▶ **YOUR INSTRUCTIONS**
When a line of the material has the word "tecnologias" in it, copy that line.
*** Opening DATASET EXCERPTS ***
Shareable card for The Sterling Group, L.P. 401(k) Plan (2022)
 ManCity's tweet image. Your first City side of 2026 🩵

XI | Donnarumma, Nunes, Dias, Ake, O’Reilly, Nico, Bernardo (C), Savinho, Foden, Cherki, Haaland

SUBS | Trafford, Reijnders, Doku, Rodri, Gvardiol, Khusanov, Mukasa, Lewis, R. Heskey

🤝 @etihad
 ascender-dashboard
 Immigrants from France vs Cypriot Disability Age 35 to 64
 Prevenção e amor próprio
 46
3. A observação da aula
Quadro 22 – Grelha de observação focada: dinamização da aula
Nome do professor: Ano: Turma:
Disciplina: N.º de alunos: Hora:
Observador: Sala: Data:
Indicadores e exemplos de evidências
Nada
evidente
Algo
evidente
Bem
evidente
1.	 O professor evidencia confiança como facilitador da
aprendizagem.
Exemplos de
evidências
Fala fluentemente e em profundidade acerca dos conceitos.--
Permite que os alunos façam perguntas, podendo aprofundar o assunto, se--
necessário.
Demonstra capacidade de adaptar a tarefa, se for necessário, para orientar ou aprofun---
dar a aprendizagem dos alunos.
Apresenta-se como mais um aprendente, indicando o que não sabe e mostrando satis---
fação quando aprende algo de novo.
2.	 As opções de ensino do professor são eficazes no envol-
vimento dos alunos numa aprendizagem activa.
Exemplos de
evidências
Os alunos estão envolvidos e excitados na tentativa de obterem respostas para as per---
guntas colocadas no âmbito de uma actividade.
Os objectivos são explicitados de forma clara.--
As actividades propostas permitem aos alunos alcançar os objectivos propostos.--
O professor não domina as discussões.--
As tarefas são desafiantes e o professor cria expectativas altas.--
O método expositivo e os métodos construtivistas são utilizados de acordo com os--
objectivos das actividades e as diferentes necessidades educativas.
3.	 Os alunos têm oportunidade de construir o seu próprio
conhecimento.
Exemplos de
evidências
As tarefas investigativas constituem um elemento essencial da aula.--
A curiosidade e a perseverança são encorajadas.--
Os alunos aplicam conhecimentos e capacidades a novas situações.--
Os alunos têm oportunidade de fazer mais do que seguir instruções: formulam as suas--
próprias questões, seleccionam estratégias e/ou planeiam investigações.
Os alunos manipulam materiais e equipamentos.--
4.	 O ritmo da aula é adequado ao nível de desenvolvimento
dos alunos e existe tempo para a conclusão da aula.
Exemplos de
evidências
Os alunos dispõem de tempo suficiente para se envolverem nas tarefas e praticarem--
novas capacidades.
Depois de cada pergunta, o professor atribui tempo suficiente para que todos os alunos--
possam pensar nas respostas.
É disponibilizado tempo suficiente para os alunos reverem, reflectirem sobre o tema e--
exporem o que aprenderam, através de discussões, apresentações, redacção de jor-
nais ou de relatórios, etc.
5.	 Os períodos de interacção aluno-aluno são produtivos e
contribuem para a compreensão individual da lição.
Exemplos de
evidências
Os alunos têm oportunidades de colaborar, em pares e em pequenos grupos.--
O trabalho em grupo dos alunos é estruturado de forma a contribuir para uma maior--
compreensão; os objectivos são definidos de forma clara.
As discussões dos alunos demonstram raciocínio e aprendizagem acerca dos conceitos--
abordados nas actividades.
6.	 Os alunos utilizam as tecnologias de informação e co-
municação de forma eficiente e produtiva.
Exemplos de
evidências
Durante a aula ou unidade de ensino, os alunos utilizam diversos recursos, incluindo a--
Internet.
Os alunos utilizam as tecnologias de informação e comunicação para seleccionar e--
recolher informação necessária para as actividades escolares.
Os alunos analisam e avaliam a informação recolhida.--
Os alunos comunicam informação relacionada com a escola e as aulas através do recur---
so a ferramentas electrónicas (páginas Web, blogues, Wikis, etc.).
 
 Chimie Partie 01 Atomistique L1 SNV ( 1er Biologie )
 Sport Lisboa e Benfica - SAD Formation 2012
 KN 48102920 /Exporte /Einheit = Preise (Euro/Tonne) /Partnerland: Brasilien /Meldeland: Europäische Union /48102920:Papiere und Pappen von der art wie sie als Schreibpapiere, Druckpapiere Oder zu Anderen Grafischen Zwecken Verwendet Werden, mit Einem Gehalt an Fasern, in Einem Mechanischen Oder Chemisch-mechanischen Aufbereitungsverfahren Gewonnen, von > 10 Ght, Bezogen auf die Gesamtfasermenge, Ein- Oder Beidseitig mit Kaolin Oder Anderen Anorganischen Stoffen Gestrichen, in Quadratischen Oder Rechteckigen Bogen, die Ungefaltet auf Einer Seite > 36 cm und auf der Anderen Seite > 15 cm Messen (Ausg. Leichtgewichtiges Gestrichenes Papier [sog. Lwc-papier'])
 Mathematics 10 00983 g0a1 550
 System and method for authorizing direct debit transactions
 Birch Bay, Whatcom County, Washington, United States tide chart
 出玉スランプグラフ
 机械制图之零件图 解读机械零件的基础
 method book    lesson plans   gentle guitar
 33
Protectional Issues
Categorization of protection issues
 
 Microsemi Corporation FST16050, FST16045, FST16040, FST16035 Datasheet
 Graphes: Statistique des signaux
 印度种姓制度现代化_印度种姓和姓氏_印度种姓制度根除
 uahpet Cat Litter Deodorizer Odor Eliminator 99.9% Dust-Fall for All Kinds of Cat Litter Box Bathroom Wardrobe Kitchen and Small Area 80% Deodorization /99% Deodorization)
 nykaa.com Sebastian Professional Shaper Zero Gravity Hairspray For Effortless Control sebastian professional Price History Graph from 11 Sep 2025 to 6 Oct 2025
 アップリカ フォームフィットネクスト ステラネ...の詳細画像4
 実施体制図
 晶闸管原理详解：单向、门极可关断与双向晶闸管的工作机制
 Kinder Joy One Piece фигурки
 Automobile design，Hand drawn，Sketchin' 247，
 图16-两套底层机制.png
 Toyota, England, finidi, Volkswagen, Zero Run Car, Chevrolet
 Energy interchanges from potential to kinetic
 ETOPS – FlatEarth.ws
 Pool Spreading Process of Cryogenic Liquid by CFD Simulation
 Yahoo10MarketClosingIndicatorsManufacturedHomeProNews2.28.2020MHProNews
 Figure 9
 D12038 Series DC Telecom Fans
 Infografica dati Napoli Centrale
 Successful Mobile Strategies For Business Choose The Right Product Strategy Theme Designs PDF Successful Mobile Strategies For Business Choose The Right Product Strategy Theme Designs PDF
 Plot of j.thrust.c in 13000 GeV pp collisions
*** Closing DATASET EXCERPTS ***
▶ **PROBLEM SOLUTION**
6.	 Os alunos utilizam as tecnologias de informação e co-
Os alunos utilizam as tecnologias de informação e comunicação para seleccionar e--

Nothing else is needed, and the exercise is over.